Million Dollar Baby

Million Dollar Baby

Year: 2004
Rated: 12
Director: Clint Eastwood
Starring: Clint Eastwood, Hilary Swank, Morgan Freeman, Jay Baruchel, Anthony Mackie
Score: 4/5

The majority of Hollywood boxing movies follow the same formula: a rookie or retired boxer wants to get (back) in the ring, they train with a coach (insert famous actor), challenge for the title and win. Million Dollar Baby may have won 4 Academy Awards for going against this tradition. Clint Eastwood directs and stars as the coach who takes Hilary Swank under his wing despite her being in her thirties and being a woman. Soon she develops into a great boxer, knocking out all of her opponents in the first round, and gets a shot at the title. Swank is winning the fight until the reigning champion sucker punches her which results in Swank becoming a quadriplegic. The film instantly changes from the traditional sports film into a moving drama as Eastwood and Swank struggle to adapt to the punch that boxing has thrown them.

In the supporting roles are Jay Baruchel and Morgan Freeman. Freeman plays the retired boxer turned gym custodian who convinces Eastwood to take a chance on Swank. The relationship between Eastwood’s and Freeman’s characters is strained through the film as a result of Freeman losing sight in one of his eyes during his 109th and final fight which Eastwood blames himself for. This is the only reason why Baruchel is in the film. His character is an inexperienced yet hopeful wannabe boxer that provides comic support and gets beater up by a fellow gym goer (Anthony Mackie). Enter Freeman to the rescue, knocking out Mackie which sees him secure his 110th victory, something he had been looking for since his retirement.

There’s a sub-plot which is never fully explained regarding Eastwood going to church everyday to annoy the reverend and him sending letters to his estranged daughter which are always returned. The only possible explanation to this would be that he views training Swank as a way of making amends for his past sins. Freeman spends the whole film as a narrator which is eventually revealed to be him writing a letter explaining the type of man that Eastwood is. Conveniently the narration helps push the film along in slow periods and to explain what is going on.
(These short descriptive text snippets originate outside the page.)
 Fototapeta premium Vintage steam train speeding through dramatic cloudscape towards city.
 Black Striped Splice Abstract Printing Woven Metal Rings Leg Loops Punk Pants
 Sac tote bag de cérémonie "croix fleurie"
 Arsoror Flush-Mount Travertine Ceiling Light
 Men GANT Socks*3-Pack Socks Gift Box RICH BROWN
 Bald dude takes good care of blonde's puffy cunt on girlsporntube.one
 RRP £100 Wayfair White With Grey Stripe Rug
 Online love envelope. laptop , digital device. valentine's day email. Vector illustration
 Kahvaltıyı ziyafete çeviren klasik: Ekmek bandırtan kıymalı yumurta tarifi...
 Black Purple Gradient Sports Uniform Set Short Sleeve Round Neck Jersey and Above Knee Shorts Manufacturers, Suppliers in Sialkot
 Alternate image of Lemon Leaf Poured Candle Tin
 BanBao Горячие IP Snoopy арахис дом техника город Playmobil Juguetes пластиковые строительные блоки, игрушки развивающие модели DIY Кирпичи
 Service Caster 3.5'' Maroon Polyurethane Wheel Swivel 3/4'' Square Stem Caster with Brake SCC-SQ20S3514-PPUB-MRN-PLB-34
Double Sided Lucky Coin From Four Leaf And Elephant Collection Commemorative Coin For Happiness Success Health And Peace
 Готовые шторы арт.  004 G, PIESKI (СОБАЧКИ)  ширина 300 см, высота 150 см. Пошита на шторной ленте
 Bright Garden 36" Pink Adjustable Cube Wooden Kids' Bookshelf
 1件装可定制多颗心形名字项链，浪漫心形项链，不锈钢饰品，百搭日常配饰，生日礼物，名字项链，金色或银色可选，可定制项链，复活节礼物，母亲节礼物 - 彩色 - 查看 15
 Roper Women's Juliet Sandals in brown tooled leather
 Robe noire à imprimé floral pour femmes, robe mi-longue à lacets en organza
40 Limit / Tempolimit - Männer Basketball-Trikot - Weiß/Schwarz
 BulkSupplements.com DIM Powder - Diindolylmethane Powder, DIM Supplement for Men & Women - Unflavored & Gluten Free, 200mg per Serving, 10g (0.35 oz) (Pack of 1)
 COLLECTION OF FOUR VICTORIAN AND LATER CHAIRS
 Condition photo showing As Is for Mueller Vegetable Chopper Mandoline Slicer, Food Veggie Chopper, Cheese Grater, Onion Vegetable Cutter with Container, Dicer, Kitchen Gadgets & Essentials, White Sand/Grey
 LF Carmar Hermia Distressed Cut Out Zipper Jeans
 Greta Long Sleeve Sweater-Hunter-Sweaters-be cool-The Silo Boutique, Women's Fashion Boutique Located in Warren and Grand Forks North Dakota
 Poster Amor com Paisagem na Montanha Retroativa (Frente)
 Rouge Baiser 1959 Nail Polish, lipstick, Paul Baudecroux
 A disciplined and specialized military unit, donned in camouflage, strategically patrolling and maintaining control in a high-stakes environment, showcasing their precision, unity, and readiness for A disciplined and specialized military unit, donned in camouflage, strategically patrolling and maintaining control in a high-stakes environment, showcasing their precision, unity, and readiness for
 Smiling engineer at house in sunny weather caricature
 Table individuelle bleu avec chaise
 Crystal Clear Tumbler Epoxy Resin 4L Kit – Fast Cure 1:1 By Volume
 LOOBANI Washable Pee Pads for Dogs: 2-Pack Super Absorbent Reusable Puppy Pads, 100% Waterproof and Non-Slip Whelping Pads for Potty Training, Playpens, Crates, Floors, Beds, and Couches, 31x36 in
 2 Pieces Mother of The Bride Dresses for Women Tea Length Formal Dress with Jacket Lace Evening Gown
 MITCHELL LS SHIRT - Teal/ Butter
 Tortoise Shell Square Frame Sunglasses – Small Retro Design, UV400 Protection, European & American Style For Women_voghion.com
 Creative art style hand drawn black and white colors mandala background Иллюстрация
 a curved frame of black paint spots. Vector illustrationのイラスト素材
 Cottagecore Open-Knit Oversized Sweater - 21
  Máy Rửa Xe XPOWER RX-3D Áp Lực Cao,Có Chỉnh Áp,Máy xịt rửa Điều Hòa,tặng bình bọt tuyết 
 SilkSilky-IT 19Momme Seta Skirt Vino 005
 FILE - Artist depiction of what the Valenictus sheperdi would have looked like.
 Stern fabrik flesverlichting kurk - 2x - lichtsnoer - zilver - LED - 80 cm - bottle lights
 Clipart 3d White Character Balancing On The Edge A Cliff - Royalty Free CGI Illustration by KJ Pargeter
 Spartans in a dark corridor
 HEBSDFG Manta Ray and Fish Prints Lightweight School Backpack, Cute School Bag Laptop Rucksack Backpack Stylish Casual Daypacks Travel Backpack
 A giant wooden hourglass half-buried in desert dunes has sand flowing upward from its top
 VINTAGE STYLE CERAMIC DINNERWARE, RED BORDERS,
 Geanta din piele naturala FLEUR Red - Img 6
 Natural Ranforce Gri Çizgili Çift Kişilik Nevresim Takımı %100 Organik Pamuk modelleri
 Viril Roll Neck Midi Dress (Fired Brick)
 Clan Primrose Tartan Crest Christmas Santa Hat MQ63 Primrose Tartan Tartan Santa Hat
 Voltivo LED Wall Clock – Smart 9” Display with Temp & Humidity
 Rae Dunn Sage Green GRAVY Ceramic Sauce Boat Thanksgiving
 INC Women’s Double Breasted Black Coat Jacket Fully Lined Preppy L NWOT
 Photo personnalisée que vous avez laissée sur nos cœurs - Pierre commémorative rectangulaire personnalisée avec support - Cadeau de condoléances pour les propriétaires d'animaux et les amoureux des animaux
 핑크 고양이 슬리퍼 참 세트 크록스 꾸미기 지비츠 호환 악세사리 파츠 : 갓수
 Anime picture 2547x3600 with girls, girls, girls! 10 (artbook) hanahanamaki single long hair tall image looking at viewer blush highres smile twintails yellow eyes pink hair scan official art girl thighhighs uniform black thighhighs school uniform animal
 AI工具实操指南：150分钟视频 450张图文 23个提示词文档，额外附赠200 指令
The leading characters are so different which is why this film works. Eastwood, as is becoming the norm, is a grouchy old man that gets annoyed by everything and Swank is the fresh-faced woman that the audience can root for. The development of their relationship hold the film together which is why the ending is so saddening and unexpected.

Million Dollar Baby is a fresh take on a familiarly hashed out story that will appeal to everyone. From its fight scenes to its bonding of a surrogate dysfunctional family, this film will always remain a classic and leave all audiences feeling pensive come the end.